It was almost impossible to keep her voice even and calm in response to that, even if she didn't have a heartbeat to leap wildly into her throat anymore.

"Thought you were gonna hit me." she muttered darkly, avoiding the other woman's eyes.

"Why would you ever think that? Wow, being away didn't make you any less weird."

Thanks, she thought sarcastically, I missed you too, you selfish butt. But something had changed in the intervening years and where before she'd have said it out loud this time it stayed dammed up behind her tongue, unable to escape past the irrational terror that had spiked unexpectedly when she'd seen arms being raised up towards her face.

Maybe it had been a mistake to come let Bonnie know she was back. Marceline had turned up in the middle of what appeared to be a very fancy dinner party; clearly the Duke of Nuts' second son's first birthday party was the second best place to be that night. Whatever, she could almost guarantee they were having more fun at the Nut Castle. Maybe she should have come and let Bonnie know first thing, but she'd wanted to settle back into her cave house first, get a feel for the land before stirring up too many feelings. Besides, it had been too much fun messing with the human boy and his dog friend, she couldn't remember when she'd last laughed like that.

She'd hovered around awkwardly for a while outside the window and almost decided to just leave again when Bonnibel had happened to glance up and see her, dropping her fizzy pink drink in shock. While Peppermint Butler cleaned it up and fussed around her the princess had made an excuse about suddenly feeling rather ill and needing to retire early for the evening, she needed to get some air on her balcony. There was some subtext if ever she'd heard it; come to the balcony. So obligingly she had. Minutes later she was face to face with Bonnie again, after all that time, and it was like she'd never left at all. Almost. Right until the princess lifted up her arms and-

Flinch.

It was probably Ash's fault. Most everything was these days.

"Didn't know if you were ever coming around here again. I heard about what happened with your buttface boyfriend, I'm sorry." Bonnie added softly. They were sitting together on the balcony railing, looking out at the stars and moon, like they had a thousand times before. And it was almost like nothing had changed, only the flinch.

"Nothing for you to be sorry for. Not your fault he's a jerk." she replied tersely, unable to look the princess in the face.

The silence stretched for so long that even socially awkward Marceline began to feel uncomfortable with it. Then Bonnie spoke again, even more softly, like she wasn't even sure she should be saying the words out loud.

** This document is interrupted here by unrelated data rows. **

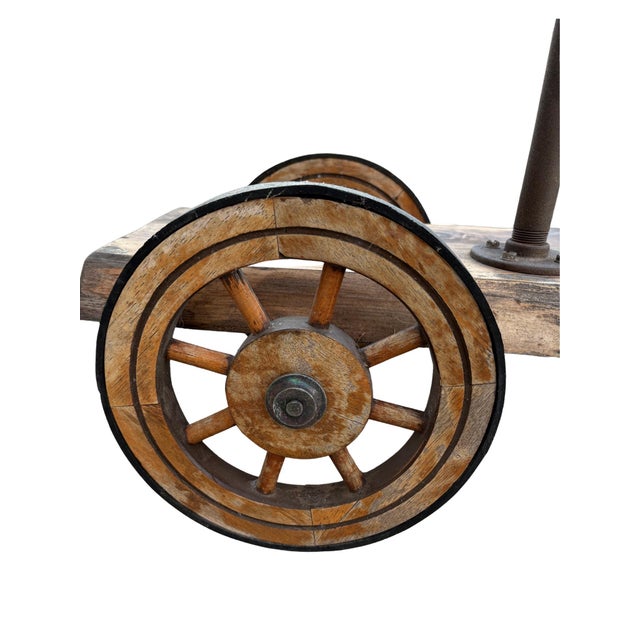 Rustic handcrafted raw edge cedar industrial pipe cart. Perfect for indoors or outdoors. Has handle and functional wheels....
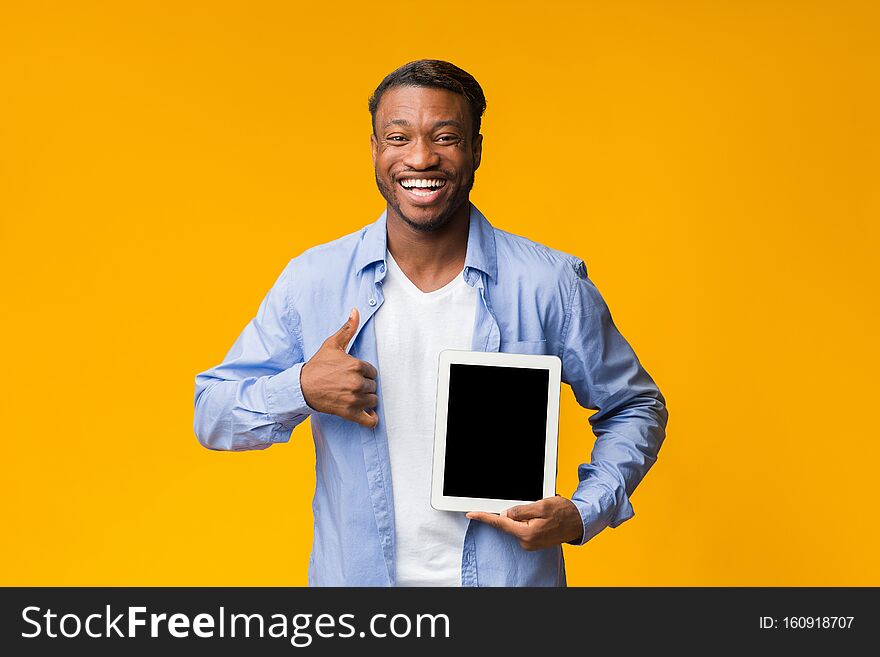 Cool App. Happy African American Man Showing Blank Tablet Screen Gesturing Thumbs Up Standing On Yellow Background. Studio Shot, Mockup. Cool App. Happy African American Man Showing Blank Tablet Screen Gesturing Thumbs Up Standing On Yellow Background. Studio Shot, Mockup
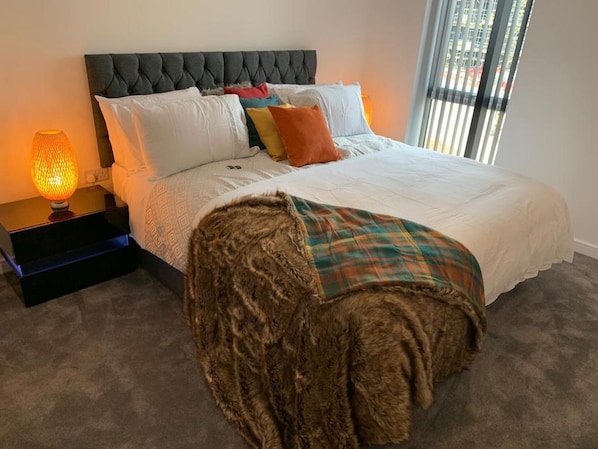 A bedroom with a tufted headboard, a bed with white bedding and colorful pillows, a plaid throw blanket, a lamp on a bedside table, and a view of the outdoors through a window.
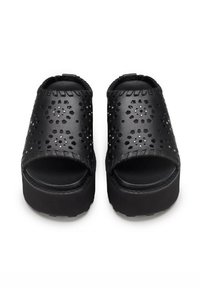 Sandali platform neri senza laccio con motivo floreale ritagliato, superficie testurizzata e suole in gomma spesse. Presentano bordi intrecciati e punta aperta.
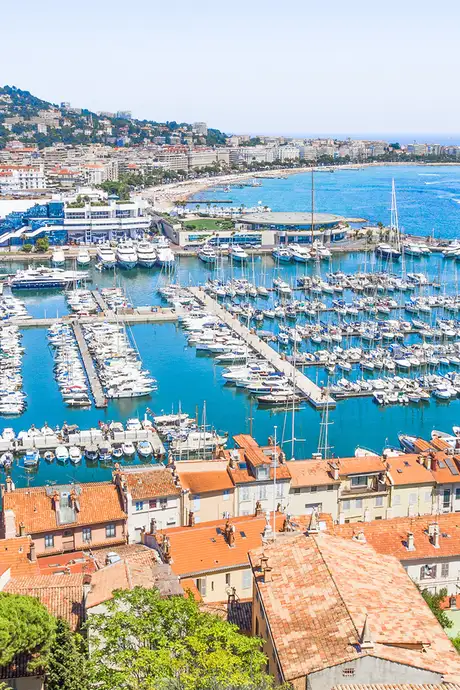 An image of Cannes in the south of France, Showing a marina with lots of docked boats
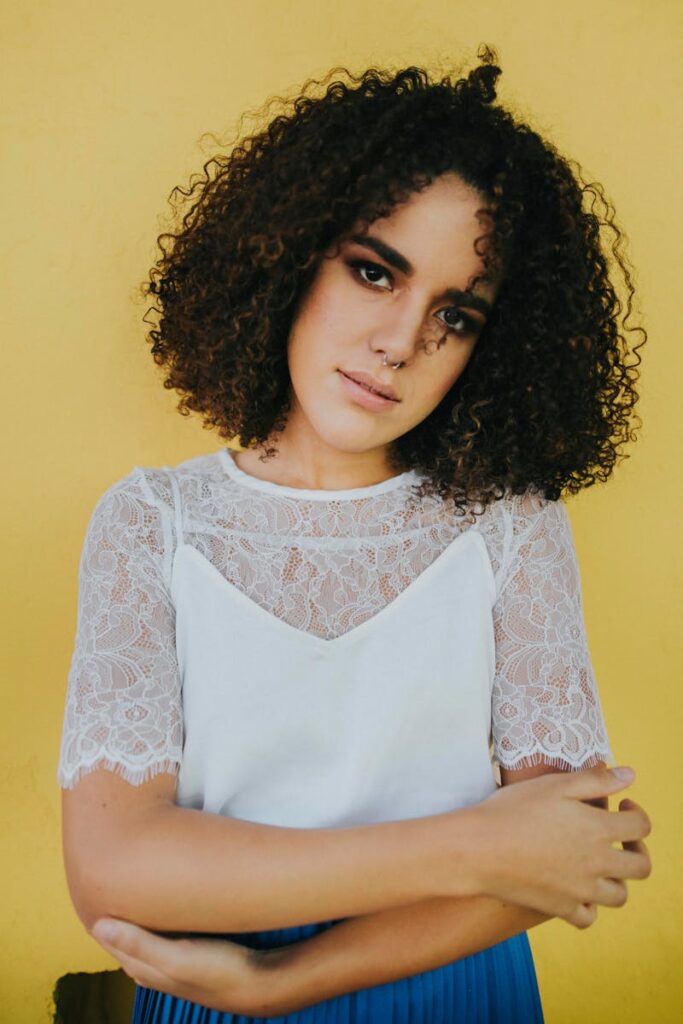 Young woman with curly hair posing against a vibrant yellow background.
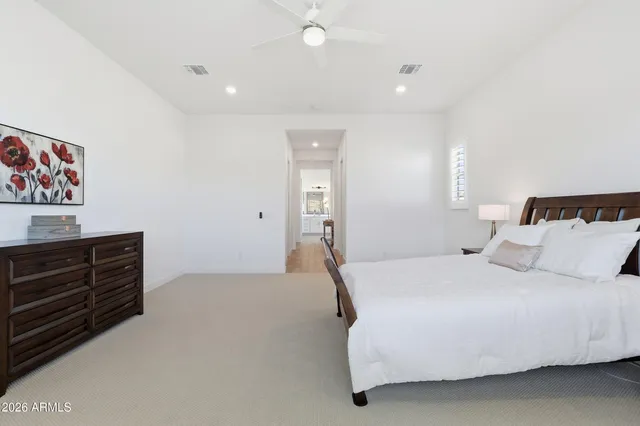 a bathroom with a sink a toilet a shower and a mirror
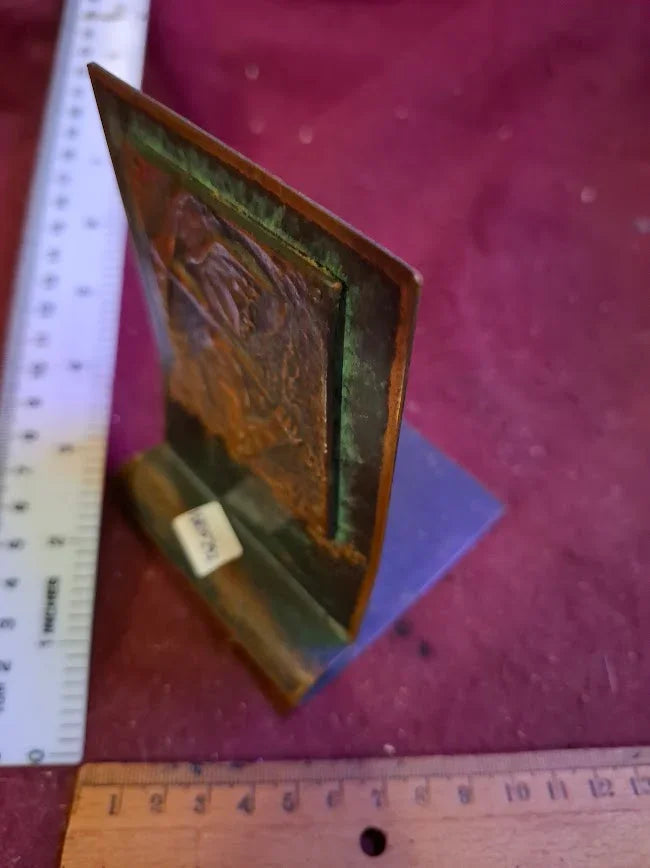 Vintage embossed metal plaque with patina on a stand, measured by rulers, on purple fabric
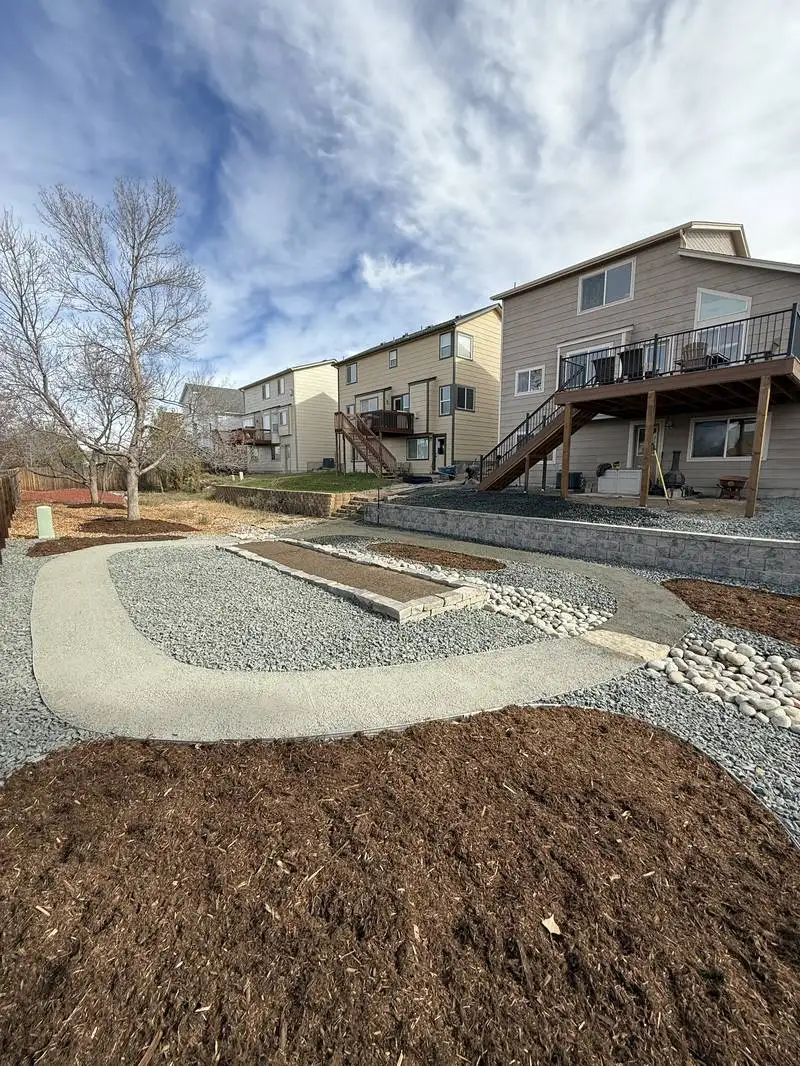 Backyard outdoor living space with fire pit, gravel, and retaining wall by CN Landscaping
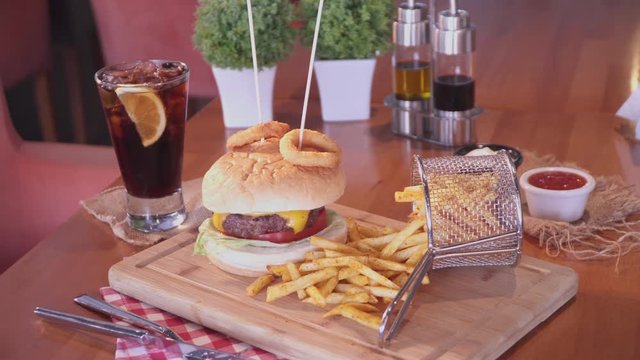 American cheeseburger with cheese, beef, tomato, lettuce, onion rings with sticks, french fries and cold drink soda with lemon slice. Pan shot.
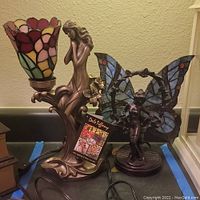 Two Dale Tiffany stained glass lamps shown side-by-side on countertop; one with floral stained glass shade and bronze female figure base, other is Lady Butterfly lamp with blue stained glass wings.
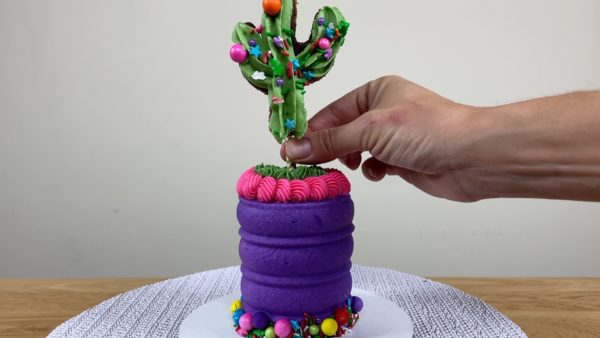 push straw into cake for brownie cake toppers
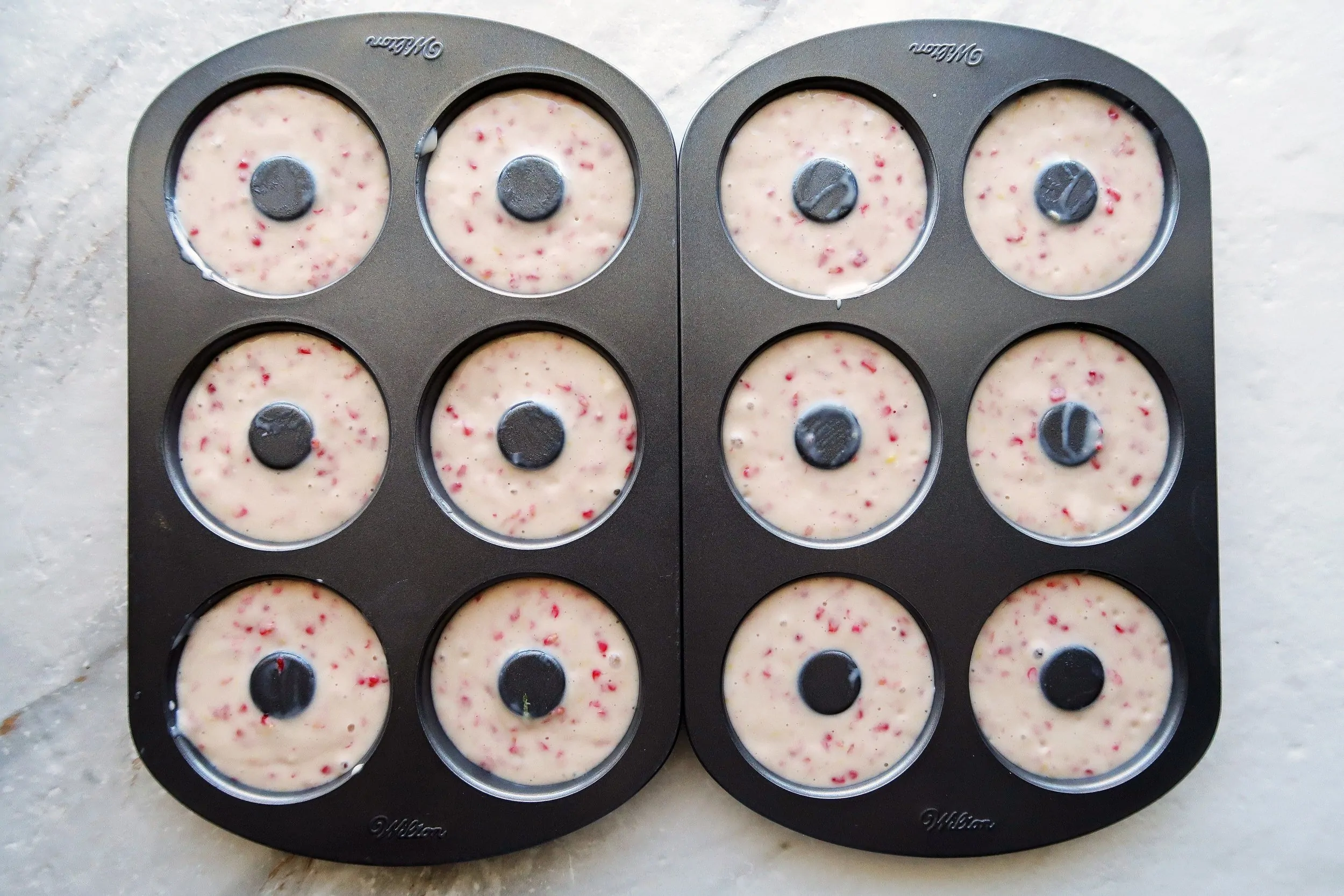 Donut pans filled with raspberry lemon donut batter.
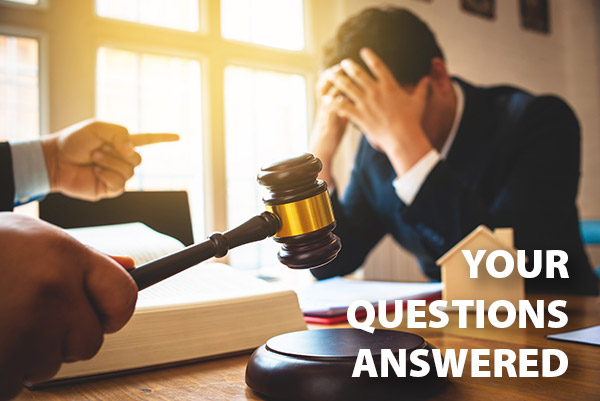 A man holds his head in his hands while a judge points at him and bangs a gavel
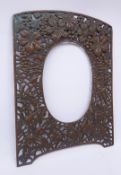 Japanese Meiji patinated metal frame, pierced surround cast with grape vines & quail amongst millet,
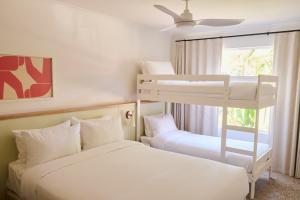 a bedroom with two bunk beds and a window at The Roy in Rainbow Beach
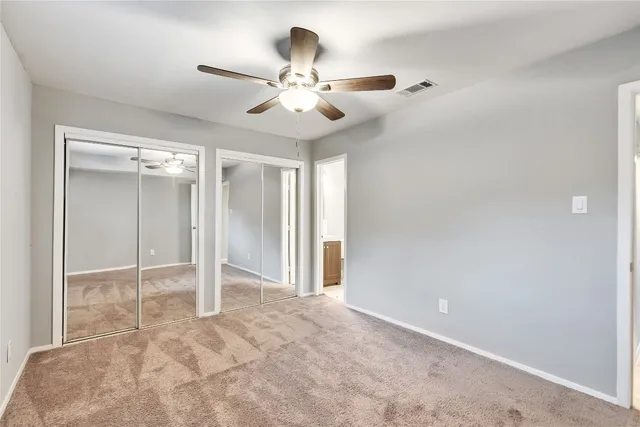 an empty room with closet and a chandelier fan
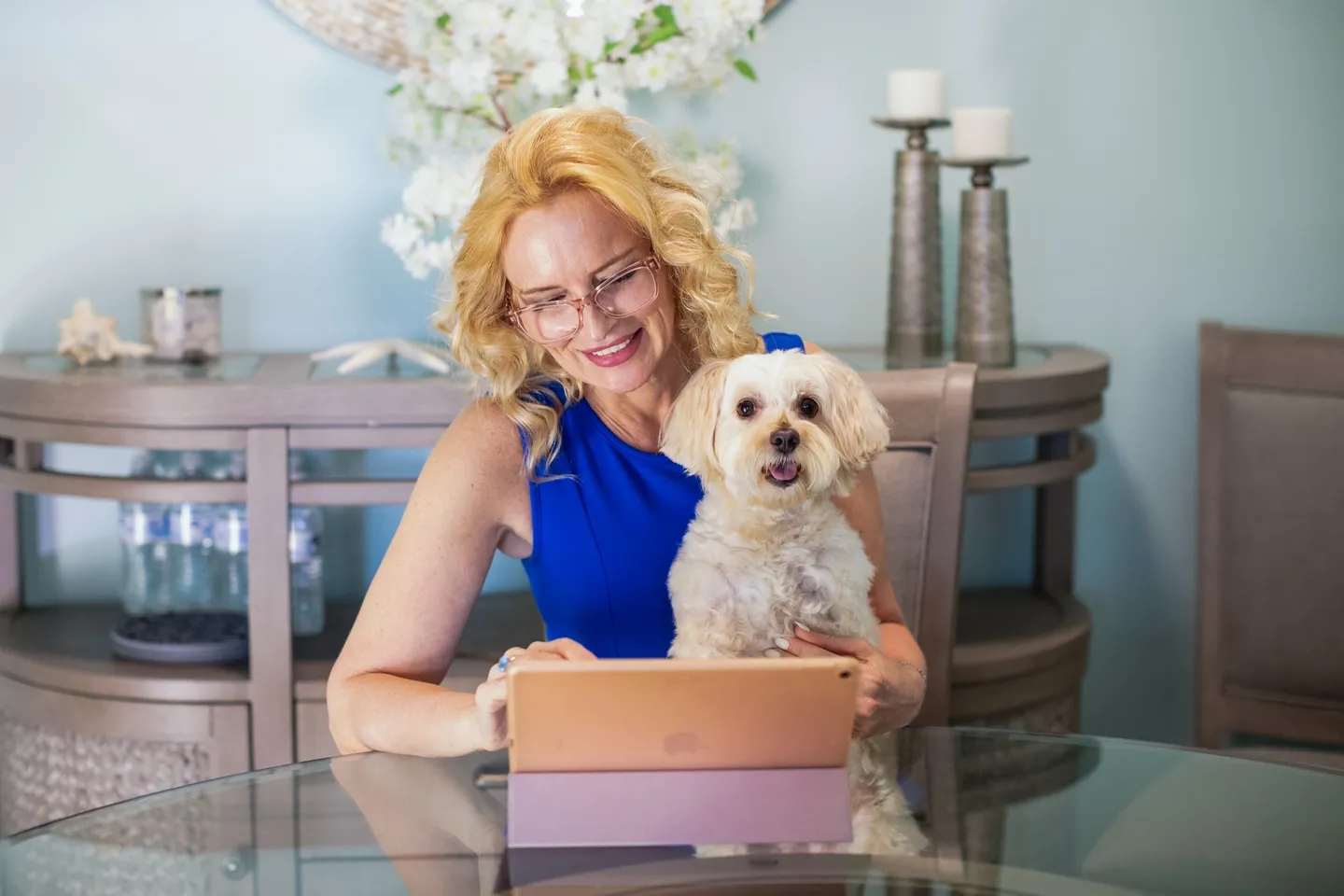 A woman sitting at the table with her dog.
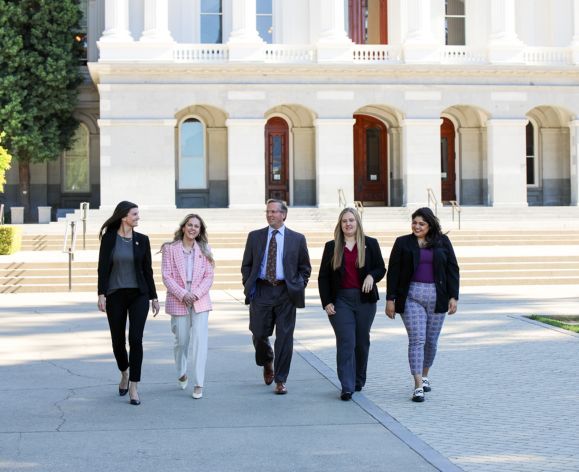 students and professor walking in front of the Capitol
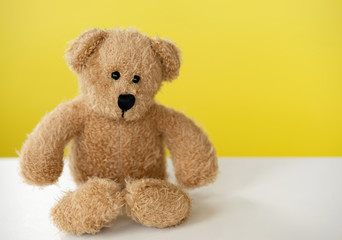 Wall Mural - Portrait of teddy bear sitting alone on white table with yellow background, One brown bear toy with with copy space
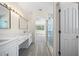 Bright bathroom leading to bedroom featuring dual sinks, marble counters, and glass shower at 10503 Dotham Ct, Tampa, FL 33626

"Where did you go? I looked for you. I tried everywhere I could think, sent people to track you down. You were just... gone. I thought perhaps you'd died. I won't lie, Marcy. I cried for you a few times, in those first years, because I couldn't help imagining that something awful had happened to you."

"Those first years? How long was I gone? I lost track. I was in a little shack in the dessert, nothing but sand and the open sky and my bass. Not dead. Just... needed to be alone for a while." she replied with a casual shrug.

"You were gone for ten years."

Oh. That... was longer than she'd realised. No wonder those kids had moved into her tree house, they'd have only been babies when she'd left Ooo.

"I didn't realise it was so long." she murmured, still staring at the stars. "I just lost track of time. Ash messed me up, I needed to think."

"I don't want to say 'I told you so', but-"

"Yeah, I know." Marceline cut her off with a snort. "You told me so. He's a butt and you could see it and I couldn't. That'll teach me not to give people the benefit of the doubt, at least."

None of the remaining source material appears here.